**ABOUT THIS EXERCISE:** Everything in the records below except the images should be output exactly as written.

Segment Start: DATA SUPPLIED

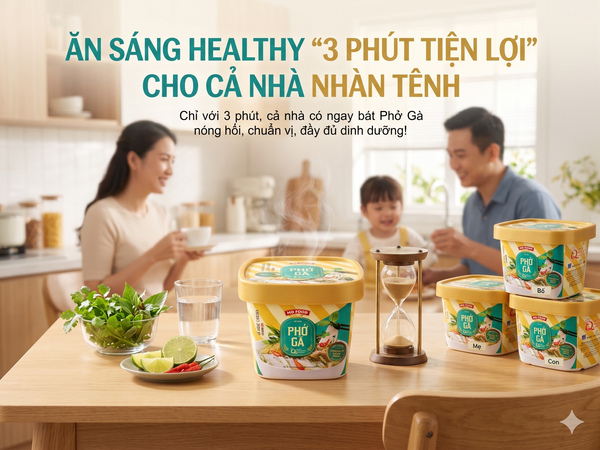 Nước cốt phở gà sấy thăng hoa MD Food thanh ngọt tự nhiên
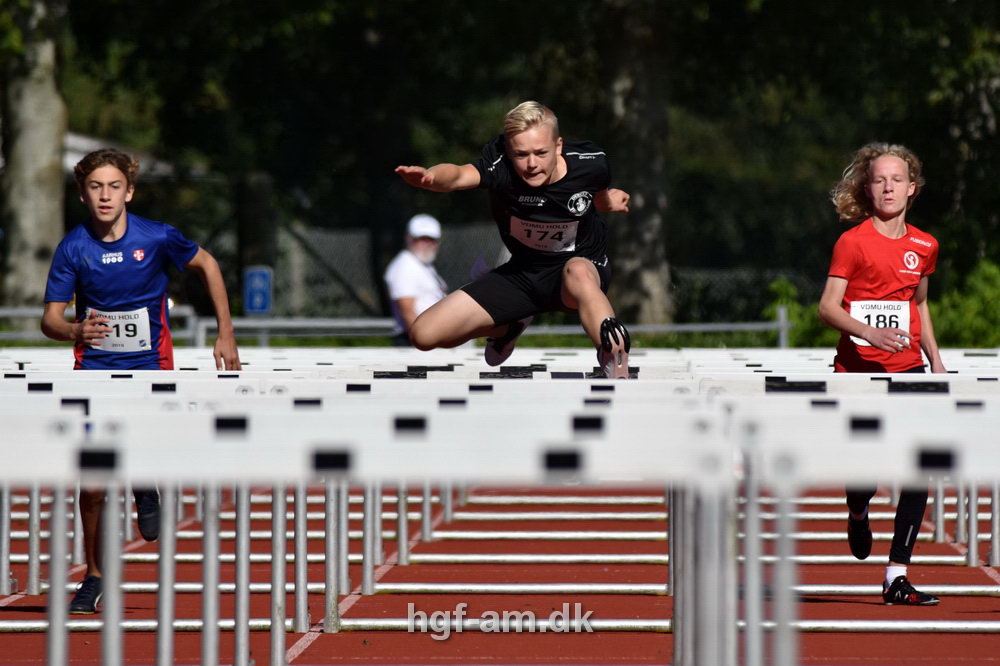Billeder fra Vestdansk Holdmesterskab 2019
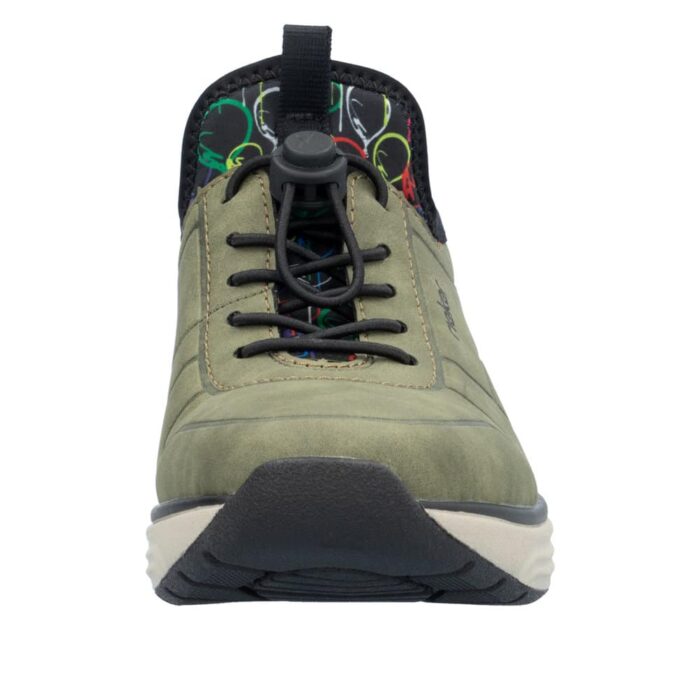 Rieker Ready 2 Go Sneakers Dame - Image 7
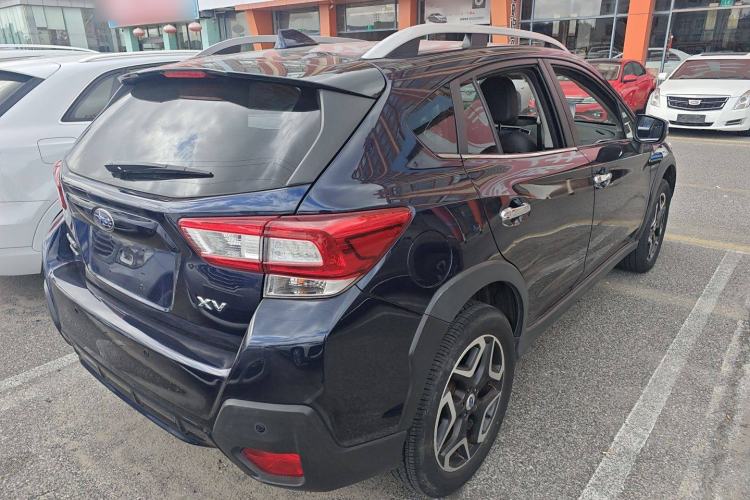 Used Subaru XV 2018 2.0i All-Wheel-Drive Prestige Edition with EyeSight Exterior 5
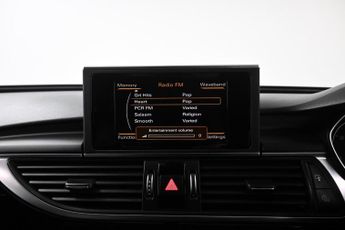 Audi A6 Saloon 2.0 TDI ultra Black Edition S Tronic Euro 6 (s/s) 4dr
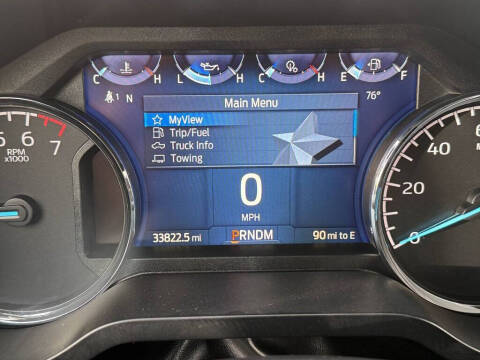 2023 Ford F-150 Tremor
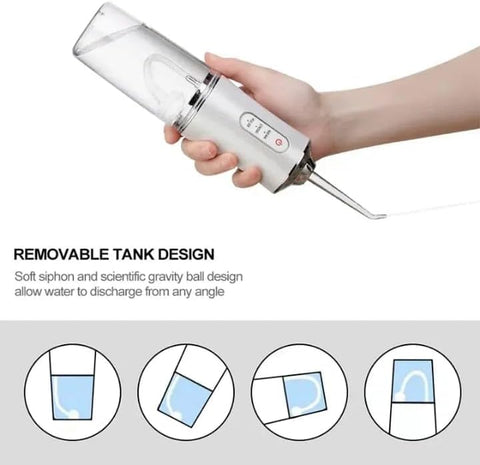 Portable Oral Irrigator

Segment End: DATA SUPPLIED

**WRITTEN REPLY:**
 Nước cốt phở gà sấy thăng hoa MD Food thanh ngọt tự nhiên
Billeder fra Vestdansk Holdmesterskab 2019
 Rieker Ready 2 Go Sneakers Dame - Image 7
 Used Subaru XV 2018 2.0i All-Wheel-Drive Prestige Edition with EyeSight Exterior 5
 Audi A6 Saloon 2.0 TDI ultra Black Edition S Tronic Euro 6 (s/s) 4dr
 2023 Ford F-150 Tremor
 Portable Oral Irrigator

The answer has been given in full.